Antes do susto com a vitória de um troféu Kikito de melhor trilha no Festival de Gramado por O homem cordial (de Iberê Carvalho), em 2019, Sascha foi encontrando pessoas do mercado de cinema da cidade. Bruno Torres e Santiago Dellape foram alguns dos parceiros que apostaram no talento do alemão, que é autodidata. “Nunca estudei música. Na Alemanha, fiz aulas de canto. Hoje em dia, estudo toda noite: assisto a vídeos, leio livros. Busco me atualizar. Já fiz muita mixagem de cinema, lido com tudo o que for relacionado a áudio. Sei tocar todos os instrumentos, mas nenhum de jeito bom”, conta, aos risos.
Uma diversidade sonora é canalizada para cada projeto, como conta o artista. “Eu faço tudo pelo filme. Nunca sou egoísta de pensar o que ‘eu’ quero fazer. Penso no que o filme precisa para funcionar”, conta. Uma composição especial, como a feita para o longa O último Cine Drive-in, por exemplo, pode acabar desprezada. “The road era uma música deprê e, na montagem do filme, não funcionava. Ao estilo do guitarrista Django Reinhardt, apostamos em algo mais gypsie, mais cômico. Deu uma dor de cabeça para chegar lá”, relembra.
Para a trilha de O espaço infinito (Leo Bello), um ano de espera foi necessário, mas houve o ajuste com a agenda de Anna-Maria Hefele, cantora que domina o overtone singing. “É o uso de uma voz que traz a impressão de várias vozes ao mesmo momento. Como há loucura, no filme, com uma mulher que surta dentro de uma caverna, buscamos o interior dela: é quase um orgasmo, quando ela surta; daí recorremos a uma sonoridade bem gostosa”, conta Sascha.
Dono de brandos aspectos teóricos, o músico conta que segue tendo as melhores ideias no carro ou no banheiro. “Canto, gravando no celular. Às vezes, uma melodia básica, e noutras registro o arranjo inteiro, que pode ser de uma orquestra inteira que está na minha cabeça. Lembro, depois, ouvindo o áudio do celular”, comenta. Com o ouvido bom, Sascha agora se debruça sobre O pastor e o guerrilheiro (de José Eduardo Belmonte), o novo longa de Thiago Foresti e em uma série de nove documentários feitos para o maior canal de tevê alemão.

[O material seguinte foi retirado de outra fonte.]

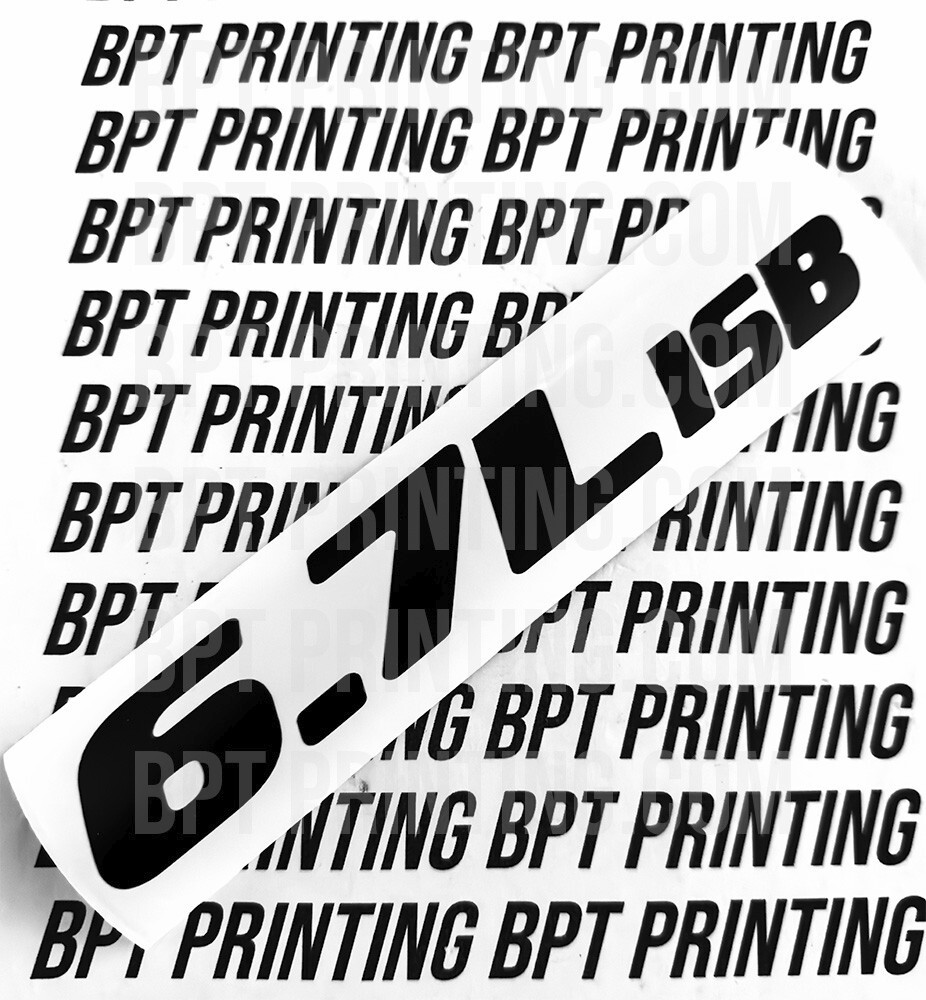 2x 6.7L ISB Vinyl Decal Exterior Matte Black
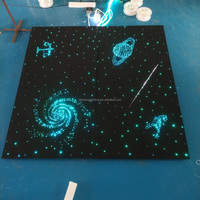 Panneaux de plafond en fibre optique LED RGB faciles à installer, étoiles, ciel nocturne, système de changement d'étoiles, étoiles avec taille et design personnalisés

“Cada filme requer elementos muito diferentes”, reforça o compositor. Tratando de ditadura, o longa de Belmonte convidou ao estilo mais clássico, enquanto o filme de Foresti demandou muita música eletrônica e sintetizador. Para os que queiram se aventurar no mundo das trilhas, Sascha alerta que os valores pagos são pequenos, mas há sempre a perspectiva positiva com a entrada de direitos autorais.